Ну а, скажем, Шпекин стал пошляком и негодяем тоже потому, что его сделала таким среда. Кто же эта среда? Городничий, Земляника, судья и другие. Значит, судья в отношении к другим лицам – жертва, следствие, с одной стороны, и среда – с другой. Для себя он жертва, следствие, для других он – частица среды.
То же относится и ко всем другим. Ведь все они – одна машина, «потрясаемая» вместе. Но каждый из них – особь, личность. И каждый из них – среда для другого. Так и вяжется единый узел общей «завязки», уже не только как внешней интриги, но и как общественной идеи пьесы.
Так разрешается в то же время и роковой для XIX века вопрос о суде писателя над его героями. И здесь Гоголь дал решение более сложное и несколько иное, чем его ученики, решение двустороннее. Поскольку каждый из действующих лиц «Ревизора» в своих грехах – следствие среды, то отвечает пред судом нравственности и правды среда, уклад, в конце концов государственный строй. Но поскольку каждый из этих же действующих лиц – сам есть среда, сам есть часть того общего, которое совращает и нравственно губит другого, – он подлежит суду, каре и сам.
Городничий мог бы быть хорошим человеком в другом обществе, но в этом, отвратительном, он стал дурным человеком. Стало быть, Гоголь призывает покарать уклад общества, изменить условия жизни, его суд – над империей зла, породившей зло в Городничем. Но, с другой стороны, Городничий – сам есть существенный элемент машины, искалечившей душу, скажем, судьи; он сам есть кусок той среды, того уклада, который совратил судью. Стало быть, Гоголь призывает карать и его, Городничего, лично, как носителя зла, как частицу причины зла. Разумеется, от этого, тоже еще механического, совмещения двух сторон оценки в каждом из персонажей еще весьма далеко до решения этой проблемы у Горького. Разумеется, Гоголю не может не быть совершенно недоступно социалистическое понимание принципа партийности, решающего и вопрос оценки всего изображаемого художником. Но все же гоголевская гениальная попытка двустороннего подхода к человеку, наряду с идеями «Медного всадника», принадлежит к величайшим достижениям творчества человечества того времени. Эта попытка опережала свою эпоху на много лет. Она даже не могла быть достаточно отчетливо понята современниками Гоголя, как и его ближайшими потомками, даже в России.

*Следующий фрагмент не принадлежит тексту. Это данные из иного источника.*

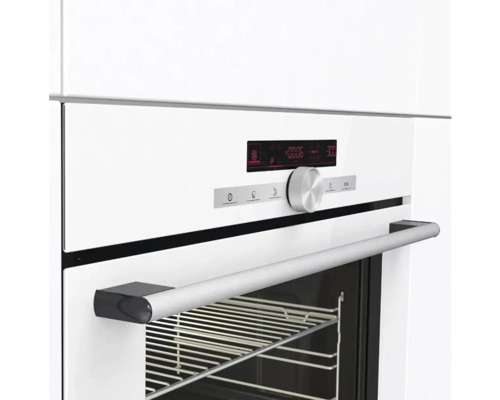 Bílá vestavná trouba s digitálním displejem a ovládacími knoflíky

Гоголь осудил и строй, породивший его «героев», и самих этих «героев». И все же он написал комедию, притом очень смешную и даже отчасти веселую. Вот уже более ста лет зрители смеются над Городничим и его сотоварищами. А может быть, нехорошо, что они смеются? Ведь в «Ревизоре» изображены страшные вещи. Ведь перед зрителем раскрывается в этой пьесе картина безобразного издевательства царской бюрократии над Россией. Как же можно смеяться над этим? И ведь сам Гоголь как будто с упреком обратился к публике: «Чему смеетесь? Над собою смеетесь!»

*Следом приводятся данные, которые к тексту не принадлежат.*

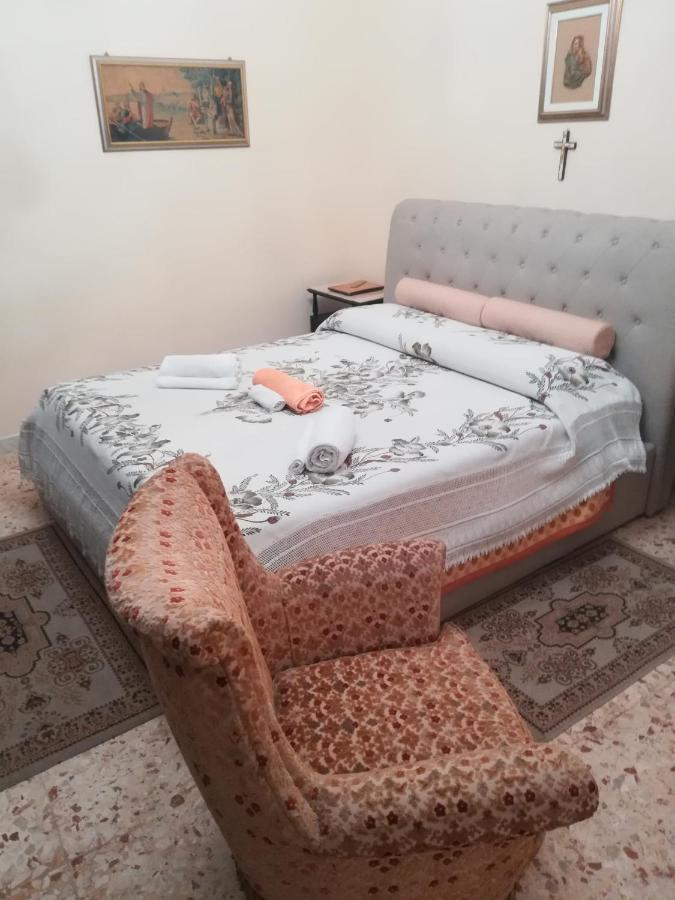 Rent Room Joe Via Dante 77 Solarino Kültér fotó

Казалось бы, все это – так, а между тем бесспорно и то, что сам же Гоголь сделал все возможное, чтобы комедия его вызывала именно смех, чтобы она была «смешнее черта». Он неоднократно писал о смехе по отношению к «Ревизору», ожидал смеха в зрительном зале, объявил именно смех положительным лицом своей пьесы. Он наполнил свою комедию множеством смешных шуток, забавных словечек и диалогов, эпизодов, явно рассчитанных на смех, даже не на глубокий смех сатиры, а нередко на простой здоровый смех без всяких особых глубин. Говорят, что таких эпизодов стало меньше в окончательной редакции «Ревизора». Это, конечно, верно, но их осталось все же немало. Если бы Гоголь не хотел вызвать в зрительном зале самый веселый смех, он не заставлял бы Городничего надевать на голову «бумажный футляр» вместо шляпы, Бобчинского «лететь» на сцену вместе с сорвавшейся дверью и т. д.
Значит, совестливый зритель, укоряющий себя за то, что он смеется на представлении «Ревизора», может успокоиться: Гоголь хочет сам, чтобы он смеялся, – и в то же время – чтобы современный ему, Гоголю, зритель понял, что смеется он над самим собою. Смеяться же, а не только ужасаться и каяться, зритель Гоголя мог потому, что картина, нарисованная Гоголем, хоть и разоблачительна, но нимало не безнадежна. Наоборот, она пронизана оптимистической мыслью.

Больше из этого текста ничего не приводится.